Records from a collection:
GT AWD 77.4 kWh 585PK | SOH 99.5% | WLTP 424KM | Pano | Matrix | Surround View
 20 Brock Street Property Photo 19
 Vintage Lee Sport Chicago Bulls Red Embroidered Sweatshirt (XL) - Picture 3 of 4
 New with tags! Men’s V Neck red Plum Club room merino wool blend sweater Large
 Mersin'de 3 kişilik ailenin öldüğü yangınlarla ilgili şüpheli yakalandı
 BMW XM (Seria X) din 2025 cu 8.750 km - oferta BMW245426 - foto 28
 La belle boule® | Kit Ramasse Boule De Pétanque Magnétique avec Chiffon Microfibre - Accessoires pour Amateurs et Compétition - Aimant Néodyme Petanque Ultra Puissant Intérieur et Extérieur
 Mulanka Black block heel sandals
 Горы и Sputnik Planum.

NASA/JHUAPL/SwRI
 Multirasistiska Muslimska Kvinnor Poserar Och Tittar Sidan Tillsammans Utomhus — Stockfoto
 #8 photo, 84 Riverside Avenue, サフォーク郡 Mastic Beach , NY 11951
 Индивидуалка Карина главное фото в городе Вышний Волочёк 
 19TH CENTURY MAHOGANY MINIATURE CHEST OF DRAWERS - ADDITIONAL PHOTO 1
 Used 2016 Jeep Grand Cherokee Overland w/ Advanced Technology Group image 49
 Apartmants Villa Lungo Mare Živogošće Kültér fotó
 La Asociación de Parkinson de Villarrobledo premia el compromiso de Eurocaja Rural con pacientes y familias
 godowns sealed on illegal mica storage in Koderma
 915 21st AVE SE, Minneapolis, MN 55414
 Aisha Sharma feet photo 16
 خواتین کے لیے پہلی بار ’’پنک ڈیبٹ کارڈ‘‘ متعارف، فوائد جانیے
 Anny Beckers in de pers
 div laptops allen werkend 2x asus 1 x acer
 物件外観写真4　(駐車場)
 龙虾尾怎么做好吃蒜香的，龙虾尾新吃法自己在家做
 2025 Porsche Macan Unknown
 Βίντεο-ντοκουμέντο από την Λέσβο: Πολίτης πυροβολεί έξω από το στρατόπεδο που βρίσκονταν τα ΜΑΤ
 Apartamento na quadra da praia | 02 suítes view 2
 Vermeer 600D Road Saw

■ What is required
Beginning at the opening line of the data, transcribe each line exactly until you reach the line with "BMW XM (Seria", which you also include, and go no further.

■ Reply
GT AWD 77.4 kWh 585PK | SOH 99.5% | WLTP 424KM | Pano | Matrix | Surround View
 20 Brock Street Property Photo 19
 Vintage Lee Sport Chicago Bulls Red Embroidered Sweatshirt (XL) - Picture 3 of 4
 New with tags! Men’s V Neck red Plum Club room merino wool blend sweater Large
 Mersin'de 3 kişilik ailenin öldüğü yangınlarla ilgili şüpheli yakalandı
 BMW XM (Seria X) din 2025 cu 8.750 km - oferta BMW245426 - foto 28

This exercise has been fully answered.